ABOUT THIS TASK
In the entries below, count the lines holding "times". Reply with the number only.

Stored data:
- Opening Delimiter -

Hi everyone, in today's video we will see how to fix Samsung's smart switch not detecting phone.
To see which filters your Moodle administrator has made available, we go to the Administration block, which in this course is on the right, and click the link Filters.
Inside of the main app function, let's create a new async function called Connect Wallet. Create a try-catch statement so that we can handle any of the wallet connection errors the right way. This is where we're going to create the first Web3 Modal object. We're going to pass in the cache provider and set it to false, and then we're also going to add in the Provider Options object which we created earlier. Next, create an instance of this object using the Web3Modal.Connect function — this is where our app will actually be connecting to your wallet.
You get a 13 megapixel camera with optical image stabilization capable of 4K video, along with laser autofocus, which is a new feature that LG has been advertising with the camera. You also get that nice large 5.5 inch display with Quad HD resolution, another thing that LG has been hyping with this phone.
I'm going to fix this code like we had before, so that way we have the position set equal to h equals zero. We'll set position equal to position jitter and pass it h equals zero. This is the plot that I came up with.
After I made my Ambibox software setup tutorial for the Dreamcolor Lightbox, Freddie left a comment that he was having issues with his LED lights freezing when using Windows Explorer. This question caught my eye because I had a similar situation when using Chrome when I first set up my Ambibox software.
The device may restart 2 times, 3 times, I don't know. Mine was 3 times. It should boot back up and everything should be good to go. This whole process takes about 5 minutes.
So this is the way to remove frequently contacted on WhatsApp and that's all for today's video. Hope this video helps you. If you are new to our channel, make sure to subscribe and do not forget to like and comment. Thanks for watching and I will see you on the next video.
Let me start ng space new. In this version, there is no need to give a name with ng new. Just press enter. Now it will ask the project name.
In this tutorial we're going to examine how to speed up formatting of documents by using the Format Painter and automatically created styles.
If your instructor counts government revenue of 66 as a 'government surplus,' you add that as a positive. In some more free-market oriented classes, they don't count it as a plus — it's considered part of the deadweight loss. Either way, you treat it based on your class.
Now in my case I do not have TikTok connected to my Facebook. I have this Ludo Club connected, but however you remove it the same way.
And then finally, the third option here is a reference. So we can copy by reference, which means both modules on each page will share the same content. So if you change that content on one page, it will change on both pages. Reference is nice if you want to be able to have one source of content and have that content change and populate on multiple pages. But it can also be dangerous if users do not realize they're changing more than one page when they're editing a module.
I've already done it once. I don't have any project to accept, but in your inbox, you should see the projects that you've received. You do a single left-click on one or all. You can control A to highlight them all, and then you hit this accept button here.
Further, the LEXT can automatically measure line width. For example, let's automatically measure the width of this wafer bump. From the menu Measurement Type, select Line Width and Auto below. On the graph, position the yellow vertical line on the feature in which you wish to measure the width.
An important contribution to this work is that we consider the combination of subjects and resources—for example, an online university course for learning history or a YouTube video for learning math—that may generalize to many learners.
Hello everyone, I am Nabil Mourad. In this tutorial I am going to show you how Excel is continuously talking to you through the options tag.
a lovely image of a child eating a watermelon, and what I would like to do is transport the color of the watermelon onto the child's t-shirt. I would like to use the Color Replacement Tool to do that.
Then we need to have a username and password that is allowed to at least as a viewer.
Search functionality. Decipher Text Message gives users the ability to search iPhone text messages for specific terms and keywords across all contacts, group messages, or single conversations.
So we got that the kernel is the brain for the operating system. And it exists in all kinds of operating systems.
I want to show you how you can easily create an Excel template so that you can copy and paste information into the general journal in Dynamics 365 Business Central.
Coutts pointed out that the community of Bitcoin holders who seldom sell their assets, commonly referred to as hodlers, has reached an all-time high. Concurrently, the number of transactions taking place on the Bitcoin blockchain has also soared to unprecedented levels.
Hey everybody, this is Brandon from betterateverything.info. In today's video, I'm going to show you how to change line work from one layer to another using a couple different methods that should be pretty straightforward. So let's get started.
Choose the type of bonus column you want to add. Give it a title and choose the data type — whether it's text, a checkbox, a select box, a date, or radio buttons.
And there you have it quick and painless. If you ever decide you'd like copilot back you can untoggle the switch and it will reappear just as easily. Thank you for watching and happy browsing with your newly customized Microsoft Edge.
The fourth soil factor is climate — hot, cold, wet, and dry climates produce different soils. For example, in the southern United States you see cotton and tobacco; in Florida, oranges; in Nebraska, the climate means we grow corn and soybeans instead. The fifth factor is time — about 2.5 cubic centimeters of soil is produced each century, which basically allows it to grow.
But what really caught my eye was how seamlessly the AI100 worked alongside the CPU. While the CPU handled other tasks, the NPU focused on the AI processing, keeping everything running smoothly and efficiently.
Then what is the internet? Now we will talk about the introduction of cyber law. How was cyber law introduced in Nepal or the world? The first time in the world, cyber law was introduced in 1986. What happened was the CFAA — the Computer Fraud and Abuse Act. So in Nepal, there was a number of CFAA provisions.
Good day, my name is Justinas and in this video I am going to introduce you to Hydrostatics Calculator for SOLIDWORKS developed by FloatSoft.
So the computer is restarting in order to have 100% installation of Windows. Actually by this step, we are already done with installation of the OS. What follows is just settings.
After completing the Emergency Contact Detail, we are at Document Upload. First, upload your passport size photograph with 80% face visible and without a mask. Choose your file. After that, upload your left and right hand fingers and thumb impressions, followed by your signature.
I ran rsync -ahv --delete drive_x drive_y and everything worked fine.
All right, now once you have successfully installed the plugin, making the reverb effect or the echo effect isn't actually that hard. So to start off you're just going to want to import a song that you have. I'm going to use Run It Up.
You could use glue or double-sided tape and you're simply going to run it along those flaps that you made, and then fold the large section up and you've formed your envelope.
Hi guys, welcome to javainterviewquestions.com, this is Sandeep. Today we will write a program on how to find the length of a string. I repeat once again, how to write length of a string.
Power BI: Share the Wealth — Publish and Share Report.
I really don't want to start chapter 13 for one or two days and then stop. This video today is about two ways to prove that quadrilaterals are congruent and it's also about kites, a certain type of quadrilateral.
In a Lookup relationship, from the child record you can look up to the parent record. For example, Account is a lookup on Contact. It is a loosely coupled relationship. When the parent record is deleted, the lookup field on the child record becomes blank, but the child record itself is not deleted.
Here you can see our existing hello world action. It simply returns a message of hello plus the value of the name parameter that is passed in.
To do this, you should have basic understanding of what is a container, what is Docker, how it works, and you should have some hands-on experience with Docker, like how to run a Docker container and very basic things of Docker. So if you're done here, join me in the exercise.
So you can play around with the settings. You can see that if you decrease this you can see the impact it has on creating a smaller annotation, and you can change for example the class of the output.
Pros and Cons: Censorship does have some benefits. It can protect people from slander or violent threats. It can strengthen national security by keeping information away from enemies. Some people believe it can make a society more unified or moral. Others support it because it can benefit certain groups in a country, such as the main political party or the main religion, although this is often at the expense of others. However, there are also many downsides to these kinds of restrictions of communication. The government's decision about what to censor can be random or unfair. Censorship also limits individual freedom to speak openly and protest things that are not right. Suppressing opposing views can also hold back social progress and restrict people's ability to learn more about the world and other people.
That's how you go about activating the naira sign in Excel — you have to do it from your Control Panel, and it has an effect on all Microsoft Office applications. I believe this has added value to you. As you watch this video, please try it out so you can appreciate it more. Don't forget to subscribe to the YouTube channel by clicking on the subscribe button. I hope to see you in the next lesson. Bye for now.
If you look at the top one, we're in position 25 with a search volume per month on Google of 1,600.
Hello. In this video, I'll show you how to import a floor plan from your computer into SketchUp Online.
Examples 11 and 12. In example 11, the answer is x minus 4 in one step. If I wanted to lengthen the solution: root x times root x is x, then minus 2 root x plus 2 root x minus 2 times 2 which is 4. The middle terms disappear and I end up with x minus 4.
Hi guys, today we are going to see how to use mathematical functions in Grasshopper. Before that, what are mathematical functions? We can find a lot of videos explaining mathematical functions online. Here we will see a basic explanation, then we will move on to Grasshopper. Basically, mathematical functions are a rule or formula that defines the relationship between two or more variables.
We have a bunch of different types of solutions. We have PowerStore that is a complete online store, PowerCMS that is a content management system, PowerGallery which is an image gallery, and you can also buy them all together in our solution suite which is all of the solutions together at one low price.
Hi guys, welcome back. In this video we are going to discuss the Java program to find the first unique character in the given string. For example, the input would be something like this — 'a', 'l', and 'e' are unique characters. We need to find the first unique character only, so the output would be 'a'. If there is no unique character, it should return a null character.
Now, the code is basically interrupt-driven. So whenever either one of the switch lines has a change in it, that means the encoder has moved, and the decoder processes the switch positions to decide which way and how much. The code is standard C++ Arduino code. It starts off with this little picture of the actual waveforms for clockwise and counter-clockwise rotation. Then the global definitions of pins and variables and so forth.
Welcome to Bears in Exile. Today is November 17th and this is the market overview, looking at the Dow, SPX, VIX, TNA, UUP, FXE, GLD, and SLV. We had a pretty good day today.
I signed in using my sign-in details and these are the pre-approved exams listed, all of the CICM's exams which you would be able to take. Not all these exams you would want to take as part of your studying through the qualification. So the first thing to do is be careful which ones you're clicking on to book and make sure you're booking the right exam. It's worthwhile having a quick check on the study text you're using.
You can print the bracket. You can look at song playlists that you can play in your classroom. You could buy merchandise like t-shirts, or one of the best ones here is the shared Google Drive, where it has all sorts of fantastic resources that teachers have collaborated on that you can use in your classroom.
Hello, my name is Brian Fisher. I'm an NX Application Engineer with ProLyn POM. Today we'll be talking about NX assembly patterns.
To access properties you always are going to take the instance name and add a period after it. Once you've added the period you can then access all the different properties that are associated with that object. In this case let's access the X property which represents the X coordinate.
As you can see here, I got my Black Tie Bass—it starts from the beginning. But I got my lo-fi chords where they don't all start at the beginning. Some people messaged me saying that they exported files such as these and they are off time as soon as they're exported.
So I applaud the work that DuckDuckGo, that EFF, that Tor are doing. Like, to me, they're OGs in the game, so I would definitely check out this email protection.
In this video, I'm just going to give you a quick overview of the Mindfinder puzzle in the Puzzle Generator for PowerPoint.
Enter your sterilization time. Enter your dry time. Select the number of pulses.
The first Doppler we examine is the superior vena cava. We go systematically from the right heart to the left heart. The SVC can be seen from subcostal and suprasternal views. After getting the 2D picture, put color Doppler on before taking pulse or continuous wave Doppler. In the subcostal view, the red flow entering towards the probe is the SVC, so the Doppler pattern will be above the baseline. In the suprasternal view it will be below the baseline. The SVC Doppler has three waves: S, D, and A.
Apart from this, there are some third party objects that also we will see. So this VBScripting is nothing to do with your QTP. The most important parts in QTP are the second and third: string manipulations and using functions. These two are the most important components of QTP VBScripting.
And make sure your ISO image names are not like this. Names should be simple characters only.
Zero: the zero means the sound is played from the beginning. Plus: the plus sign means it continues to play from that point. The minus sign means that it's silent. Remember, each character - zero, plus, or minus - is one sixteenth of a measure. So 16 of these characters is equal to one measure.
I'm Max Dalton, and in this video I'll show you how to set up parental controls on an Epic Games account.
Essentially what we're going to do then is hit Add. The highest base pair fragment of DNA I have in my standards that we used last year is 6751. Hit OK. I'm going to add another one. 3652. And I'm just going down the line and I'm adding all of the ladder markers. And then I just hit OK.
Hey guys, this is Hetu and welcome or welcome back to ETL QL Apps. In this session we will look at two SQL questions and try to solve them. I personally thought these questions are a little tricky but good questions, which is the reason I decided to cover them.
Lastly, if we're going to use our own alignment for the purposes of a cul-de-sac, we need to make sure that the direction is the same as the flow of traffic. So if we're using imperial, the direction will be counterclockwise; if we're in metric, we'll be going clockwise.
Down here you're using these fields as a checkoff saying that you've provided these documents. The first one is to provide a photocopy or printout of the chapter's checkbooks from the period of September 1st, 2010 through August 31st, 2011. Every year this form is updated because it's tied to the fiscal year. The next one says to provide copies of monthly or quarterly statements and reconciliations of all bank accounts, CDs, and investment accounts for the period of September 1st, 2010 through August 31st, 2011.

- Closing Delimiter -

SOLUTION TO THIS PROBLEM
2